This excellent work on depression should be required reading for therapists and those suffering from the disease.
James Manning’s How to Befriend, Tame, Manage, and Teach Your Black Dog Called Depression Using CBT shows that, like a dog, depression can be managed with insight, patience, and mental training.
The “black dog” comparison was coined by the poet Horace to describe his depression. A creature known for being man’s best friend may be an odd metaphor for a debilitating mental and physical condition, but Manning explains that like a dog, depression will stay with the person afflicted by it loyally. Run from the black dog and it will chase you; feed the black dog and it will grow. Instead, Manning believes people with depression should see the black dog as an opportunity to focus on their mental health. His book outlines how depression can be treated with cognitive behavioral therapy (CBT), or looking at one’s beliefs with a set of cognitive therapy tools.
Manning lays out his course for therapy in a well-organized manner. In less than two hundred pages, the book covers how depression affects the brain, how it skews one’s perception of reality, and how thoughts affect feelings that, in turn, generate behaviors. Each of these topics alone could be a book in itself, but most chapters are no more than a few pages. Manning keeps his points at a high level and explains some, such as how the neurotransmitter serotonin affects the brain, in layperson’s terms.
The book provides a number of quality resources that people with depression can use right away. Many of the chapters end with a checklist, questionnaire, or emotion tracking tool; most of the resources can be completed with only a pencil and time.
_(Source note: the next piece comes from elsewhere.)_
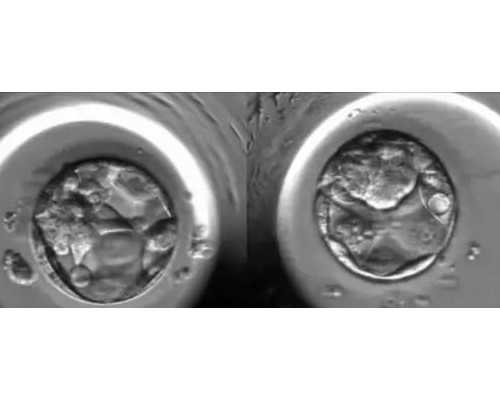 辅助生殖技术：安全可靠的生育解决方案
But the best part of this book is its writing style. Manning makes depression and its treatment accessible. Depression is painful, and people often don’t recognize or want to admit that they have it. Manning knows this firsthand, not only because he is a clinical psychologist but because he suffered from depression himself.
Manning’s explanations often include his own experiences, which are conveyed with such clear and simple logic that someone with the most entrenched depression may read the work and be able to see their condition differently—and even experience hope. Manning also knows depression is not something to fear, showing this by bookending each chapter with an icon of a friendly-looking black Labrador retriever and a summary written from the dog’s perspective.
Manning’s book should be required reading for therapists and for patients who suffer from depression.